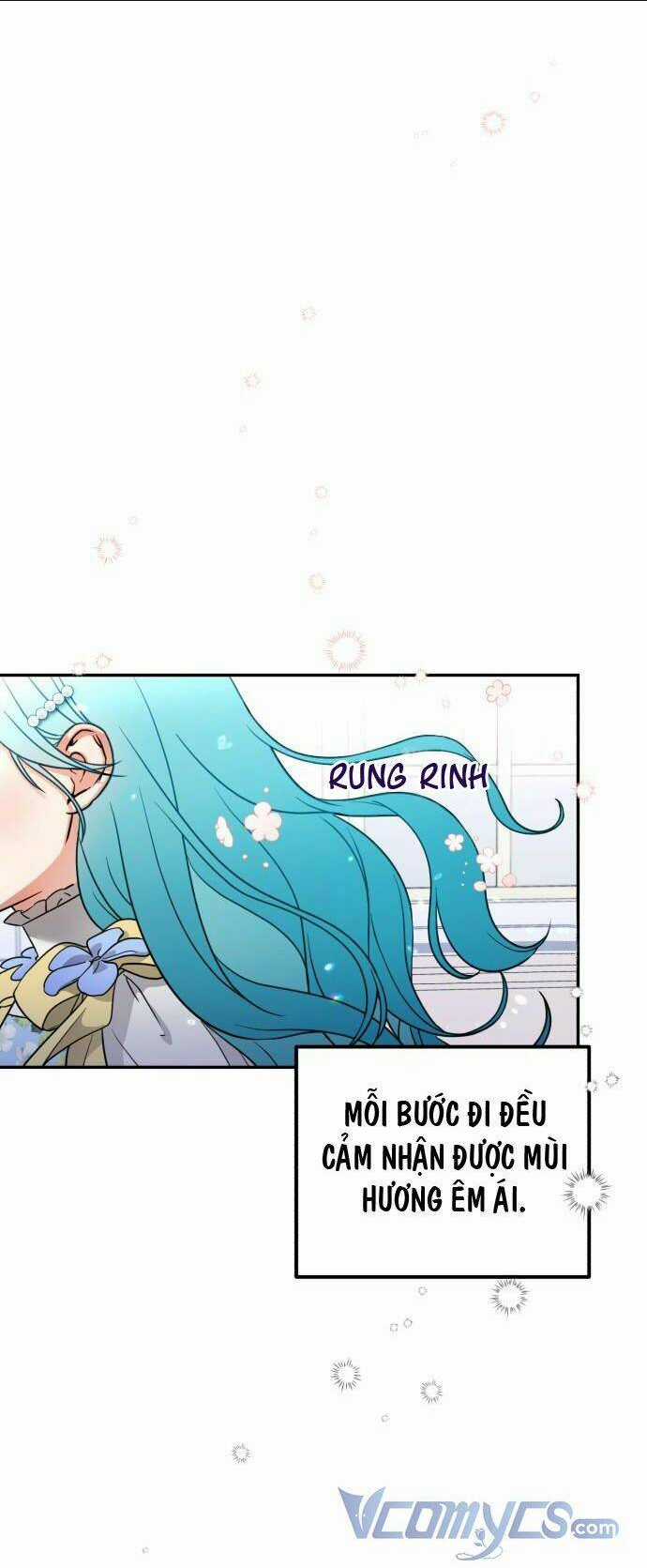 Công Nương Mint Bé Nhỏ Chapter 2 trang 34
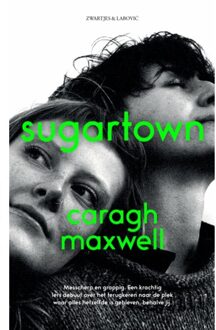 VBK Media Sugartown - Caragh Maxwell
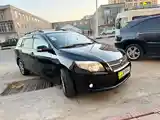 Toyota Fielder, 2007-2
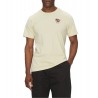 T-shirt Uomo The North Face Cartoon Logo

-- -- --

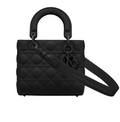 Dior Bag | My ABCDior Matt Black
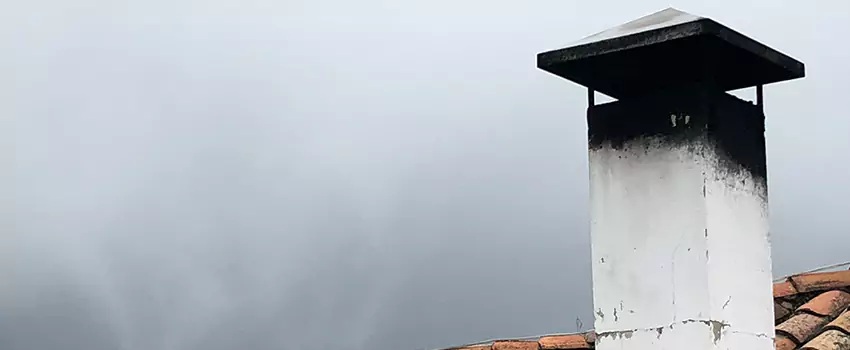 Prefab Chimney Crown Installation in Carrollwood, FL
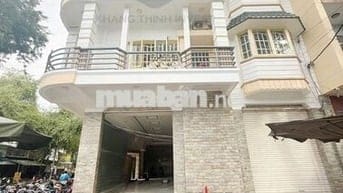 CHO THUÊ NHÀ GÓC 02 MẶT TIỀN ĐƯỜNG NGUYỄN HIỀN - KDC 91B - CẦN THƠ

-- -- --

* [WHAT THE EXERCISE ASKS] Your copy should hold only the lines above from the one containing "Công Nương Mint Bé Nhỏ Chapter 2 trang 34" through the one containing "T-shirt Uomo The North Face Cartoon Logo", exactly as written and free of pictures.

* [RESPONSE]
 Công Nương Mint Bé Nhỏ Chapter 2 trang 34
 VBK Media Sugartown - Caragh Maxwell
 Toyota Fielder, 2007-2
 T-shirt Uomo The North Face Cartoon Logo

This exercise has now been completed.